Life moved on, but I eventually found myself with a free weekend and an itch to visit Two Point County, so I set out on my first adventure as a hospital administrator. For the initial PC release, I spent a little time with the game but it eventually fell by the wayside in favor of new releases. Throughout the past couple of years, I've revisited the game a few times when the itch came back around but never got to finishing it. With the release of Two Point Hospital on Switch, the itch came back with a vengeance, and I dived in as soon as I could.

For those new to the game, here's a quick breakdown of how it works. You play as a hospital administrator in Two Point County, assigned to manage a foundation's hospitals throughout the county. The game is comprised of scenarios, each one giving you a new hospital to build up in a different part of town. Early on, the hospitals are designed to introduce you to the core mechanics, such as room building, staff management, treatment, and training. Once you're through the introductory hospitals, the game ramps into more challenging hospitals which require more adaptability.



Two Point's best feature by far is its writing and environment design. Tonally, the game takes a slightly humorous approach to healthcare, and it hits just right. Most everything in the game elicits at least a little smile from me when I'm playing, whether it's hiring a doctor named Isabelle Dynamite or hearing the PA system broadcast, "Announcement! Try not to die." The humor and tone are perfectly consistent across the scope of the whole game, which kept me excited to move from level to level, just so I could see what silly sicknesses and creative treatments came next.
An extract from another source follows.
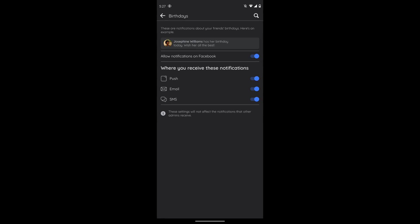After turning your notifications on, your problem will be fixed. So this is what you have to do if Facebook is not showing your birthday notifications.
As far as management sims tend to go, one of my main concerns was that it would be hard to do all the building and management on a console. Two Point handles the controls excellently, giving quick tutorials to nail down the room building and menu management. They also leave plenty of visual clues in the appropriate parts of the UI, making it easy to relearn the controls if you forget a keybind or two. Placing objects was easy and consistent, despite the game's pretty complex grid system. After an hour or so, I felt like I was making rooms and navigating the menus just as effectively as I could on PC.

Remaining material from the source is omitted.